Drew Angerer/Getty Images

North Carolina Gov. Pat McCrory’s administration filed a lawsuit against the federal government Monday. It accused the U.S. Department of Justice of overreaching in its response to the state’s “bathroom law.” DOJ filed its own lawsuit in response, saying North Carolina’s law that bans transgender people from using public bathrooms that don’t match the gender on their birth certificates violates civil rights law. 

There are many ethical, political and social questions swirling around this issue that have yet to be resolved, but the costs to the state for the transgender bathroom bill are starting to add up.

The Charlotte Regional Visitors Authority estimated the bathroom bill has cost more than $80 million in lost business, and that’s just for events around Charlotte. The group factored in things like canceled conventions, lost hotel room nights and potential business that expressed hesitation or concern over the law.

Aaron Nelson, president and CEO of the Chapel Hill-Carrboro Chamber of Commerce, said he is seeing a similar trend in his area as well.

“It’s at hundreds of jobs,” he said, speaking of jobs lost due to the law, “and its economic impact in terms of millions of dollars in lost conference revenue, and we are nearing the hundreds of millions of dollars of lost community investment impact, and that’s just what we know.”

Concerts and conventions are being cancelled. And, Michael Jordan, the owner of the Charlotte Hornets, said in a statement to The Charlotte Observer that he’s opposed to discrimination in any form. John Connaughton at the University of North Carolina- Charlotte’s Belk College of Business said while canceled performances and conventions make headlines, they aren’t actually the main sources of economic impact.  

“Those [kinds of events] are not as big as corporate relocations that don’t come here,” he said, pointing out that the new jobs created by such relocations “have a much bigger impact because the money stays here … and it’s for a much longer period of time.”

Paypal and Duetsche-Bank have already changed their plans to open or expand operations in North Carolina in response to the law, even as it’s being contested by the federal government.

Allan Freyer, the director of the Workers’ Rights Project at the North Carolina Justice Center, said there are longer-term consequences that can’t be quantified.

“Unfortunately,” he said, “we’ll never know the full scale of the companies that quietly struck North Carolina off their list for putting a new plant in the state or expanding an existing facility.” 

The federal government is also threatening to pull funds from several sectors like education, transportation and housing.

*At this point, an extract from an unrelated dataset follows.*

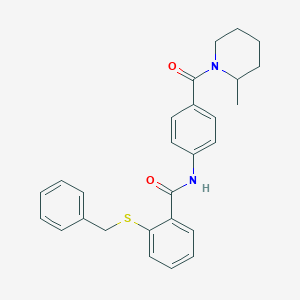 2-(benzylthio)-N-{4-[(2-methyl-1-piperidinyl)carbonyl]phenyl}benzamide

A recent report from UCLA’s Williams Institute estimated such cuts could cost the state more than$4.5 billion.

“To put this in context,” said NCJC’s Freyer, “the state budget this year is about $22 billion, so $4.5 billion represents about 20 percent of that overall budget line.”

Not to mention the cost of all the legal fees from the lawsuits.

*CORRECTION: An earlier version of this story incorrectly stated that Charlotte Hornets owner Michael Jordan had threatened to move the team. He did not.  Jordan did say in a statement to The Charlotte Observer that he’s opposed to discrimination in any form.